What is the value of this limit? Does the value not exist or is this limit just indeterminate? Does $\;\lim\limits_{x\to\infty}\dfrac2{5x|\sin x|}\;$ equal DNE (does not exist) or converge to $\,0$ ?
Although the $5x$ in the denominator approaches $\infty$, shouldn't the limit be DNE since at an arbitrary value of $x$, $|\sin x|$ will be $0.0000000000...1$ making the denominator not $\infty$ and the limit be something else other than $0$. Since the limit is not always $0$, must it not exist?
I had a conversation with my math teacher and he said it's definitely indeterminate as there may be a value that makes it not equal to $0$ but I have to prove that there are an infinite amount numbers that will make this not equal to $0$. If you can prove this, try proving it for natural numbers.

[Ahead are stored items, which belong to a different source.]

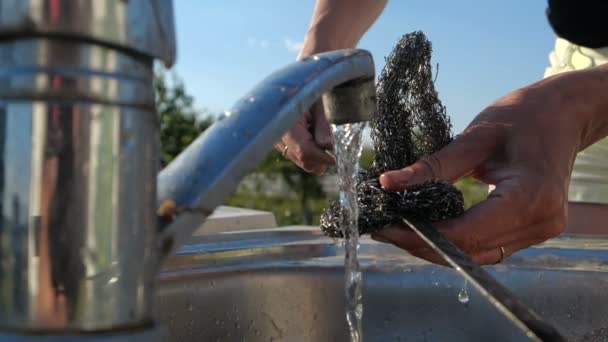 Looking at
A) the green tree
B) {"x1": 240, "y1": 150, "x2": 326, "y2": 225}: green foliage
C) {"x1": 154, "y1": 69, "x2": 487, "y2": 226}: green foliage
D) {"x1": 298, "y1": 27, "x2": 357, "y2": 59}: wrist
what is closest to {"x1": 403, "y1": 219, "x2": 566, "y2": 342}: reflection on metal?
{"x1": 298, "y1": 27, "x2": 357, "y2": 59}: wrist

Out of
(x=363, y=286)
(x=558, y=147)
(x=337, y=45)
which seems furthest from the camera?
(x=337, y=45)

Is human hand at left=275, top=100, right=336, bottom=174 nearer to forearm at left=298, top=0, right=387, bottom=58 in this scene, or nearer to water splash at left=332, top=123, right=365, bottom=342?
forearm at left=298, top=0, right=387, bottom=58

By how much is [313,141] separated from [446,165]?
0.27 meters

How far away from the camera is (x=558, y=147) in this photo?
742 millimetres

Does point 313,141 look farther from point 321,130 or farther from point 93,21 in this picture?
point 93,21

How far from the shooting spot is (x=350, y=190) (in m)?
0.60

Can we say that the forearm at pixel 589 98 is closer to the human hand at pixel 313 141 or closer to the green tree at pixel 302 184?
the human hand at pixel 313 141

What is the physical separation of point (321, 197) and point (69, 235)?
646cm

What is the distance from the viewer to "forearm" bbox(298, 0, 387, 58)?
1077 mm

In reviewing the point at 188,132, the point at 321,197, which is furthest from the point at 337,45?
the point at 321,197

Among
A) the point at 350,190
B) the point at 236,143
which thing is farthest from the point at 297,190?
the point at 236,143

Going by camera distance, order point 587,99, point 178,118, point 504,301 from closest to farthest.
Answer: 1. point 504,301
2. point 587,99
3. point 178,118

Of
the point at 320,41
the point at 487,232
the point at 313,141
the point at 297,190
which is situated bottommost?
the point at 297,190

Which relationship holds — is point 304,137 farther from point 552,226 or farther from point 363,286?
point 552,226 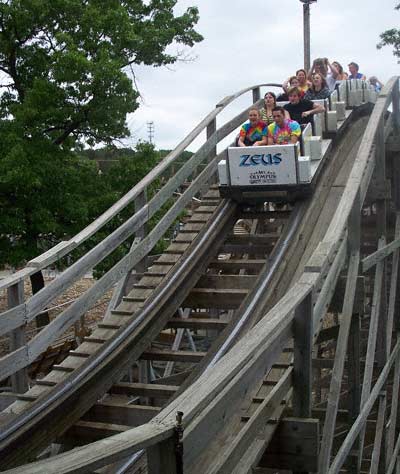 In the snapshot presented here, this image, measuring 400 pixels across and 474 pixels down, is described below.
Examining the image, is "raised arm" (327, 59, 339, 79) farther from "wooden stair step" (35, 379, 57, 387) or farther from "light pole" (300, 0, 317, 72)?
"wooden stair step" (35, 379, 57, 387)

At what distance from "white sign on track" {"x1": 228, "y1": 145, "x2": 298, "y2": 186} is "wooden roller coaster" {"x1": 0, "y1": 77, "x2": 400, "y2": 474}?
1.26 feet

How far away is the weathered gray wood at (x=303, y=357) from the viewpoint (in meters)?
4.23

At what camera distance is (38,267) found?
5613 millimetres

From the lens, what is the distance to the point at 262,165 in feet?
30.5


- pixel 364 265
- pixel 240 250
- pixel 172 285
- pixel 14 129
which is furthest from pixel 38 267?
pixel 14 129

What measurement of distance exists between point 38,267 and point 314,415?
3417 mm

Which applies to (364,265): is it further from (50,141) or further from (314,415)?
(50,141)

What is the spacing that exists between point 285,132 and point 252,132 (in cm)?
56

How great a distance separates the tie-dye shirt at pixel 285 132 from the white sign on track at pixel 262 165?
2.22 feet

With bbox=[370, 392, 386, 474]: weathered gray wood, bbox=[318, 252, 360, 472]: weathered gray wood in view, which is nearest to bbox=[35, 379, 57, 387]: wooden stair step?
bbox=[318, 252, 360, 472]: weathered gray wood

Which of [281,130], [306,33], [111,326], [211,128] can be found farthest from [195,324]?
[306,33]

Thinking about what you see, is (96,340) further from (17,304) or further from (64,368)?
(17,304)

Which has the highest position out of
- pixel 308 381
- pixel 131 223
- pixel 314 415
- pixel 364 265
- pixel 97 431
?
pixel 131 223

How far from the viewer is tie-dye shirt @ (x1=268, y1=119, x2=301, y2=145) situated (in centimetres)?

 A: We will prove that there exists an increasing and unbounded above sequence $(x_n)$ of positive real numbers such that $\;f(x_n)\neq0\;$ where $$f(x)=\dfrac2{5x|\sin x|}\,.$$
Proof:
For any $\;n\in\Bbb N\,,\;$ let $\;g_n\!:\!\left[2\pi n,\dfrac{\pi}2\!+\!2\pi n\right]\to\Bbb R\;$ be the real function defined as follows :
$g_n(x)=x|\sin x|\quad$ for all $\;x\in\left[2\pi n,\dfrac{\pi}2\!+\!2\pi n\right].$
Since $\;g_n\;$ is a continuous function on its domain, $\;g_n(2\pi n)=0\;$ and $\;g_n\!\left(\dfrac{\pi}2\!+\!2\pi n\right)=\dfrac{\pi}2\!+\!2\pi n>1\,,\,$ by using the Intermediate value theorem , we get that there exists $\;x_n\in\left]2\pi n,\dfrac{\pi}2\!+\!2\pi n\right[\;$ such that $\;g_n(x_n)=x_n|\sin x_n|=1\,.$
In this way we get a sequence $(x_n)$ of positive real numbers such that
$f(x_n)=\dfrac2{5x_n|\sin x_n|}=\dfrac25\neq0\,.$
Moreover, the sequence $(x_n)$ is increasing and unbounded above, indeed
$\color{blue}{2\pi n<x_n}<\dfrac{\pi}2\!+\!2\pi n<2\pi(n+1)\color{blue}{<x_{n+1}}\quad$ for any $\;n\in\Bbb N\,.$
A: You are right in your effort or "mathematical guess": the limit does not exist because the function isn't defined in infinite points when $\;x\to\infty\;$, namely: all the points of the form $\;x=k\pi\;,\;\;k\in\Bbb N\;$ . This means that in any "neighborhood of infinity" (which formally means: for any $\;x>R\;,\;\;0<R\in\Bbb R$), there exist infinite points in that neighborhoodf for which the function does not even exist.